Let $a_i, b_i >0$ for all $n$ and $0 \le \lambda \le 1$
Is the following result true for all $n$?
$$ \sum^n_{i=0} a^\lambda_i b^{1-\lambda}_i \le \left( \sum^n_{i=0} a_i \right) ^\lambda \left( \sum^n_{i=0} b_i\right) ^{1-\lambda} $$
This is trivial for $n=1$, but I am getting stuck on the inductive step.
On
Step 1: It is easy (e.g., by taking the derivative) to show that $x^\lambda \le \lambda x + 1 - \lambda \ \forall x > 0$.

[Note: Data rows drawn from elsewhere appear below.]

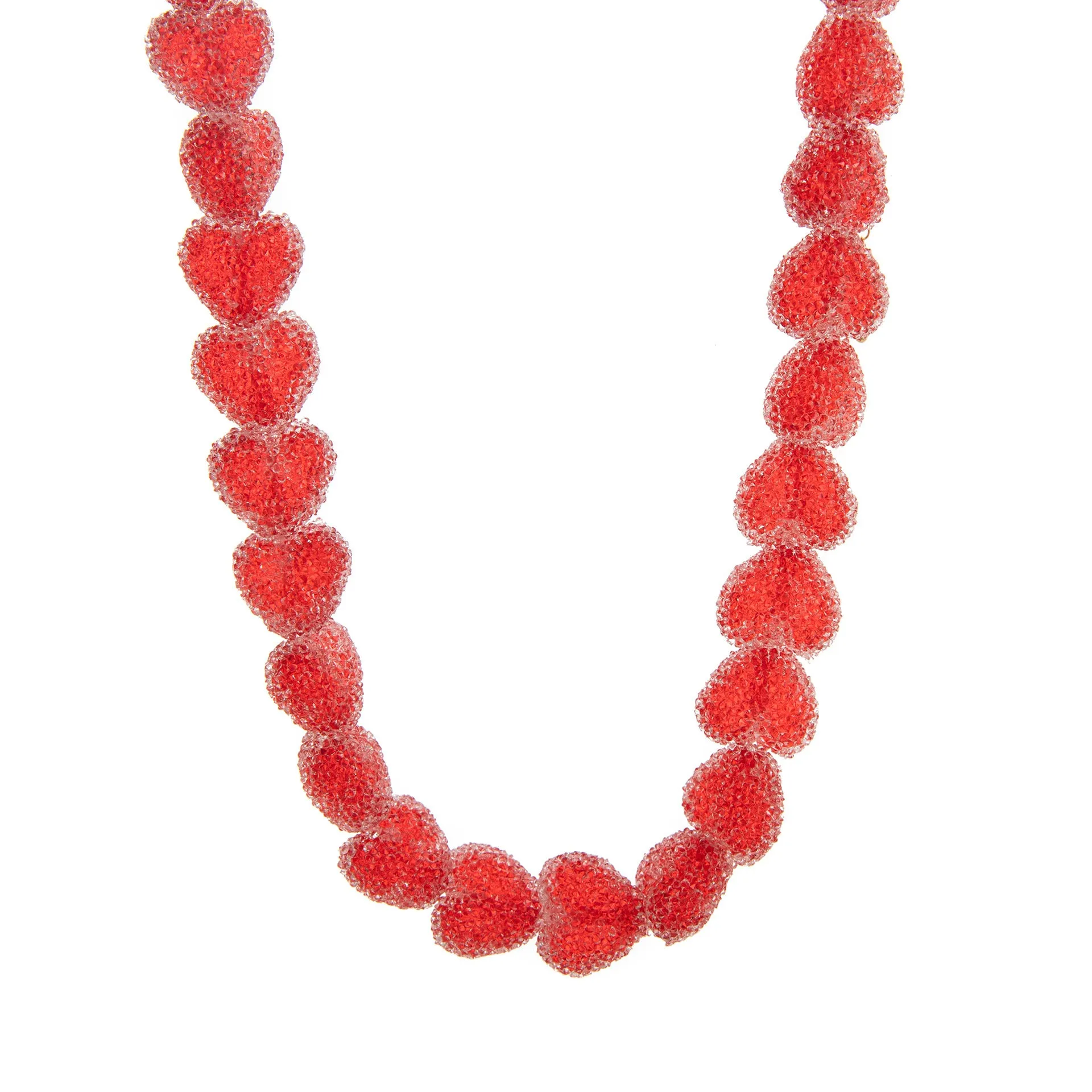 Colored loving heart resin necklace and earrings set with heart-shaped pendant and matching earrings in candy colours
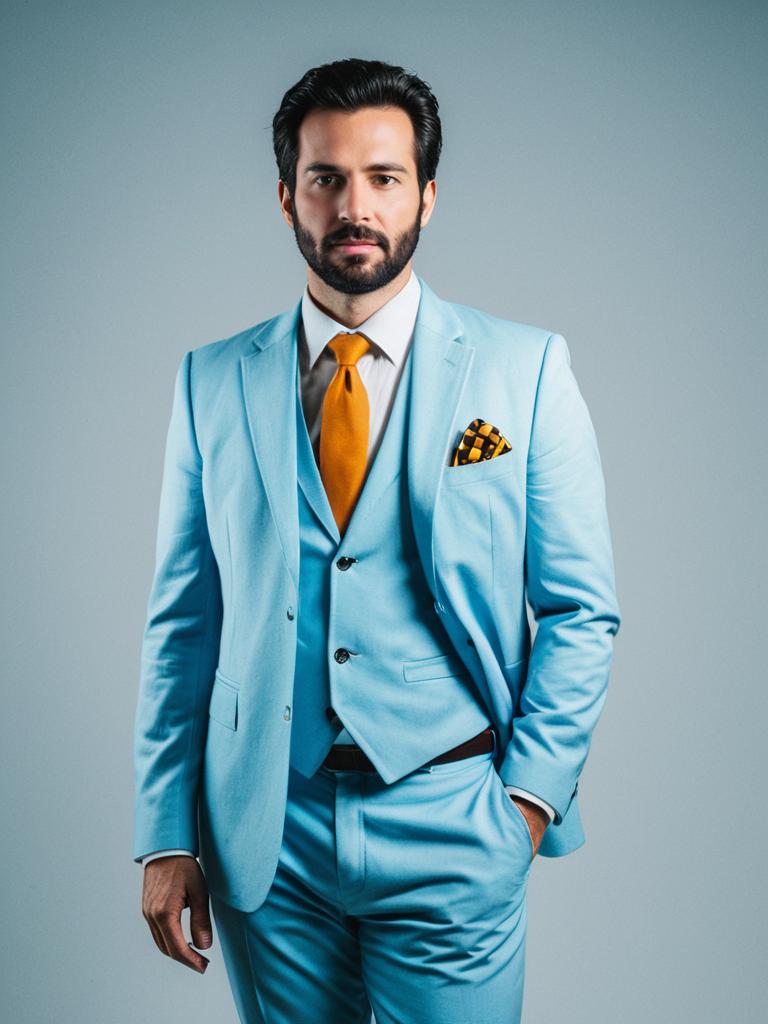 Man in Light Blue Suit with Mustard Yellow Tie Professional Cosplay Studio Portrait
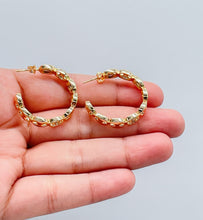 Load image into Gallery viewer, 18k Gold Filled Open Puffy Mariner Link Hoop Earring Patterned With Pave Link Pieces
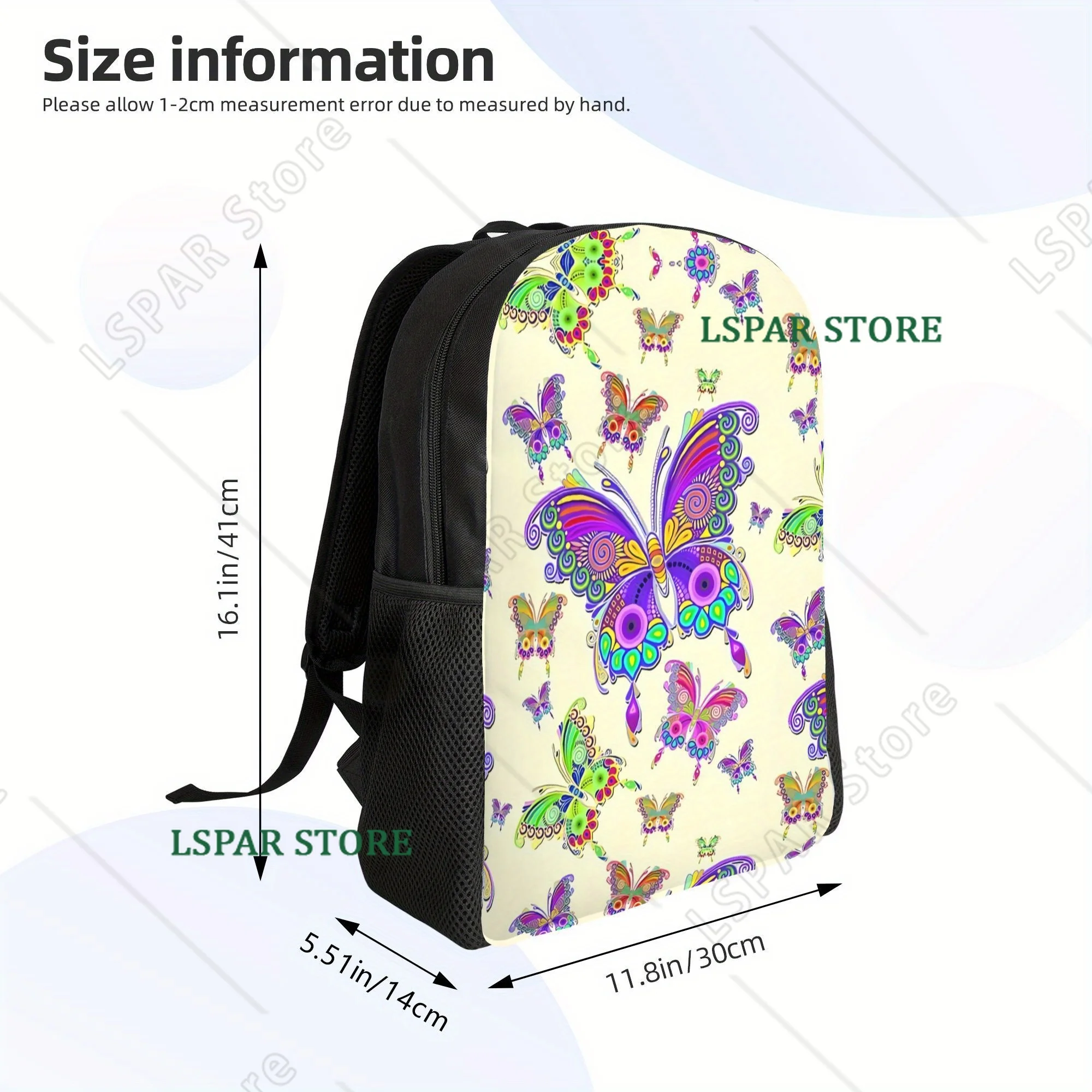 Casual Backpacks Featuring A Colorful Butterfly Tattoo  Perfect for Students and Travel Straps for Laptops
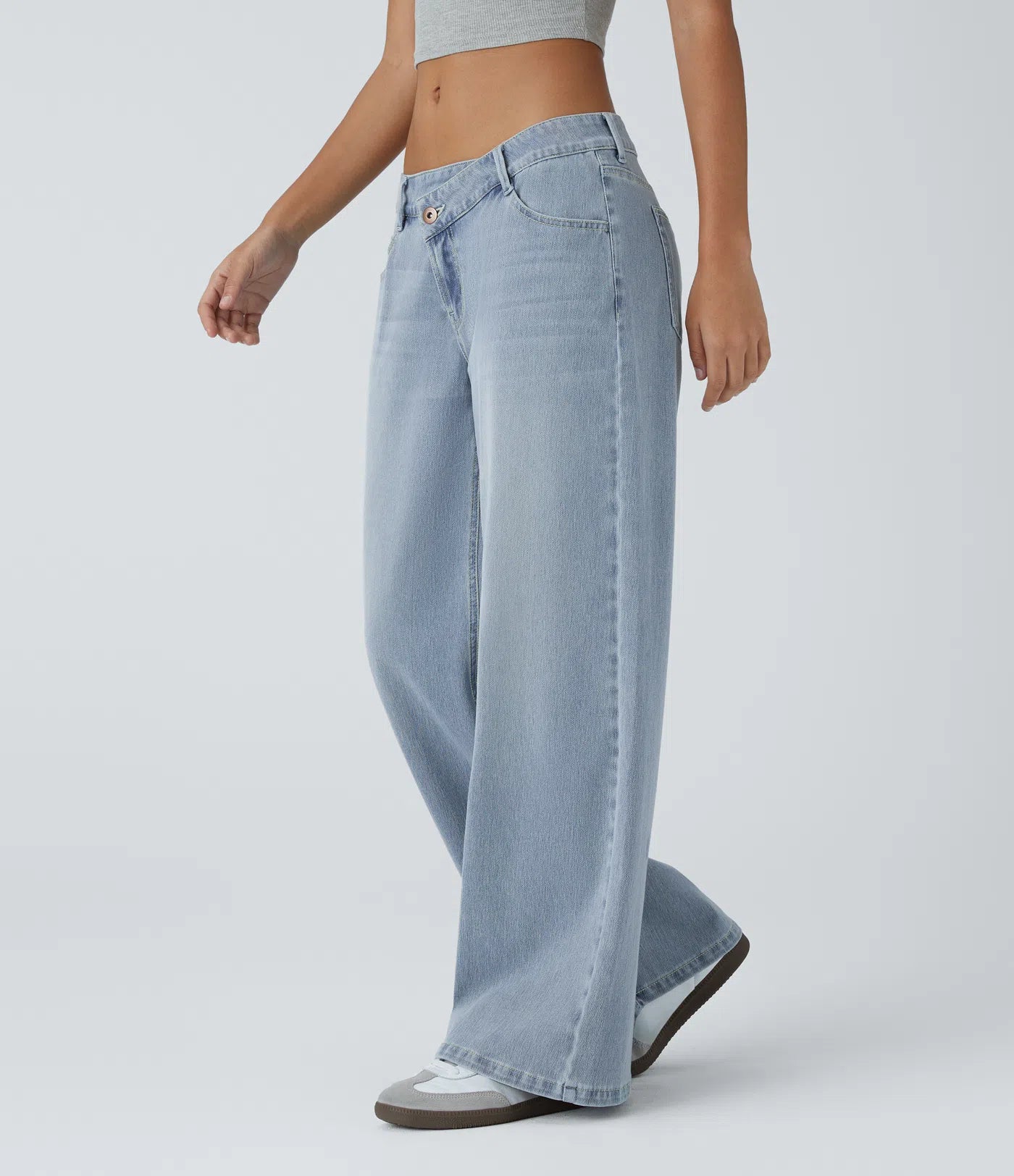 Asymmetric Low Rise Zipper Pockets Baggy Wide Leg Washed Casual Jeans
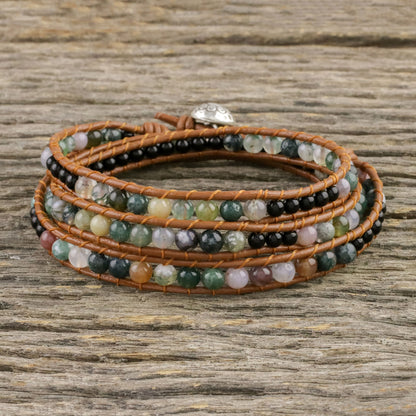 Sunset Fields Moss Agate and Onyx Beaded Leather Cord Wrap Bracelet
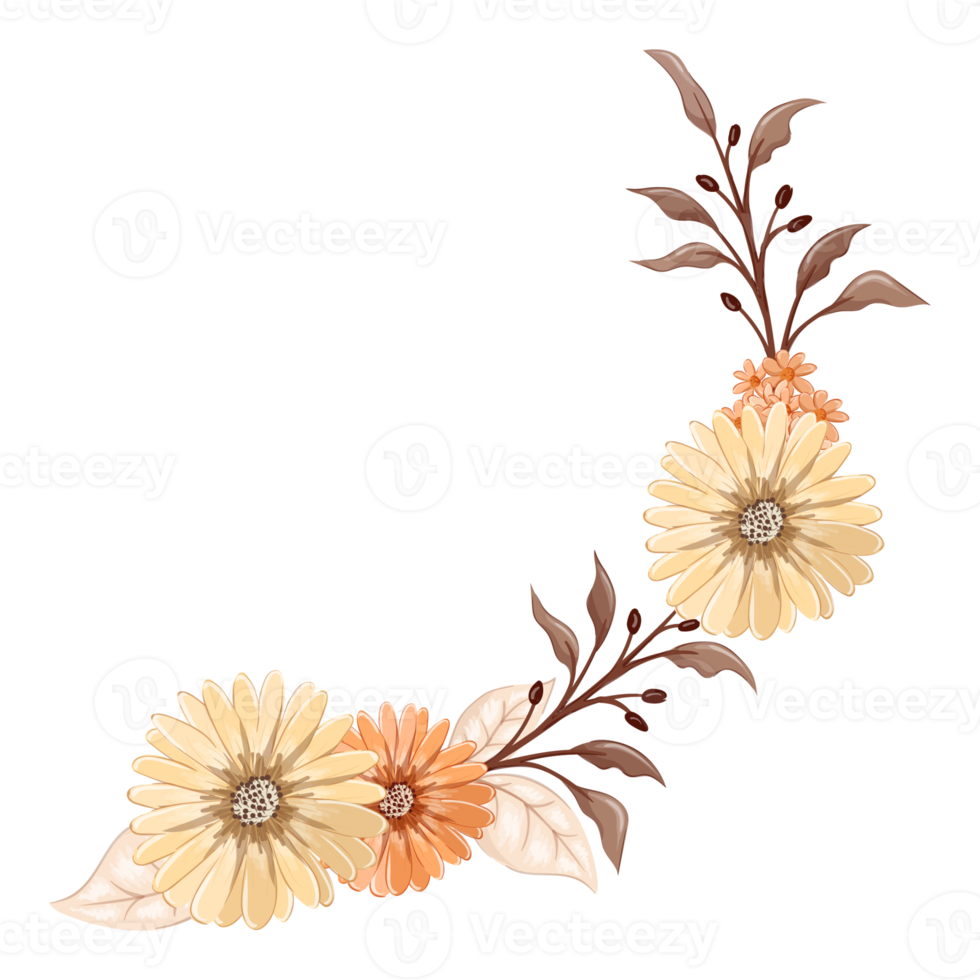 Orange Flower Arrangement with watercolor style png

Step 2: Replacing $x$ in Step 1 with $\frac{x}{y}$ we obtain $x^\lambda y^{1-\lambda} \le \lambda x + (1 - \lambda)y \quad \forall x,y > 0.$
Step 3: Let $A = \sum_i a_i, B = \sum_i b_i$. Applying the inequality in Step 2 for each $i$ with $x = \frac{a_i}{A},y = \frac{b_i}{B}$. Summing up the resulting $n+1$ inequalities we obtain the result.
Straightforward from Hölder’s inequality in Euclidean spaces:
$$\|a\cdot b\|_1 \leq \|a\|_p \|b\|_q$$ for any $p,q\in (1,\infty) : 1/p+1/q=1 $, and for any $a,b \in \mathbb{R}^n$.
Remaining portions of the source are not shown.